**AIM OF THE TASK**.
Give back each entry exactly as written, apart from the pictures.
━━━━━ RECORD EXCERPTS ━━━━━
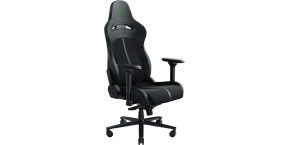 RAZER herní křeslo ENKI Gaming Chair, green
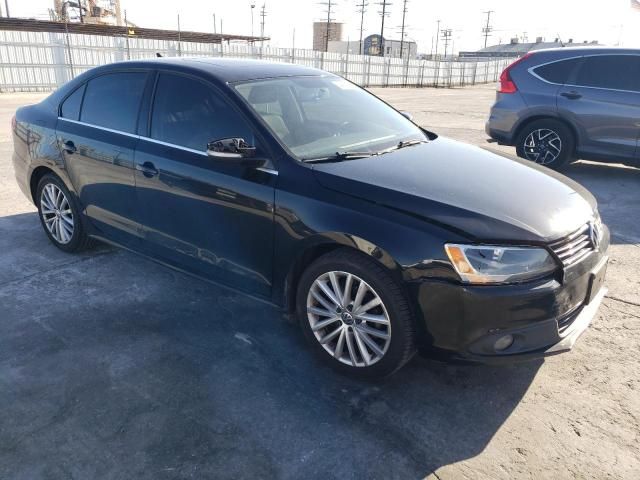 2012 Volkswagen Jetta SEL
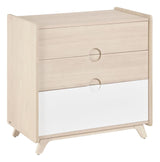 Nunila Kids Chest w. 3 drawers MDF/Ash veneer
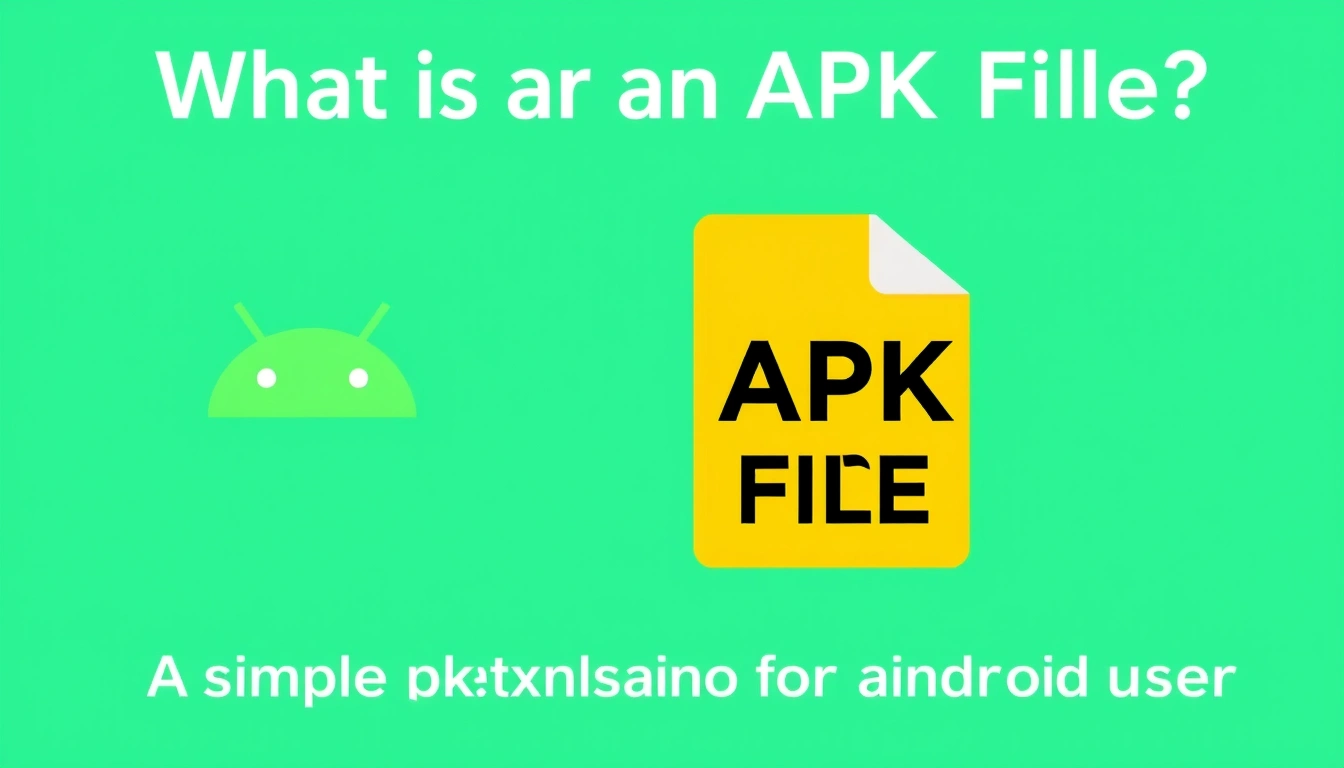 What Is an APK File? A Simple Explanation for Android Users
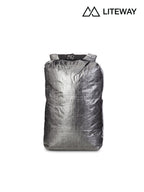 LITEBAG DCF 3L #Black [bag dcf blk 3]｜LITEWAY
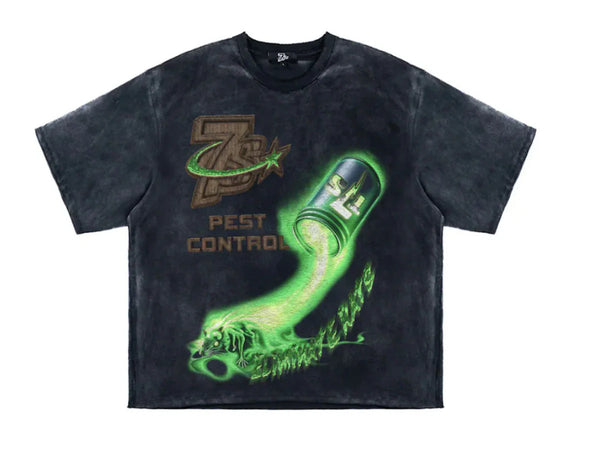 Triple Sevens PEST CONTROL TEE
━━━━━
**TASK RESULT**.
 RAZER herní křeslo ENKI Gaming Chair, green
 2012 Volkswagen Jetta SEL
 Nunila Kids Chest w. 3 drawers MDF/Ash veneer
 What Is an APK File? A Simple Explanation for Android Users
 LITEBAG DCF 3L #Black [bag dcf blk 3]｜LITEWAY
 Triple Sevens PEST CONTROL TEE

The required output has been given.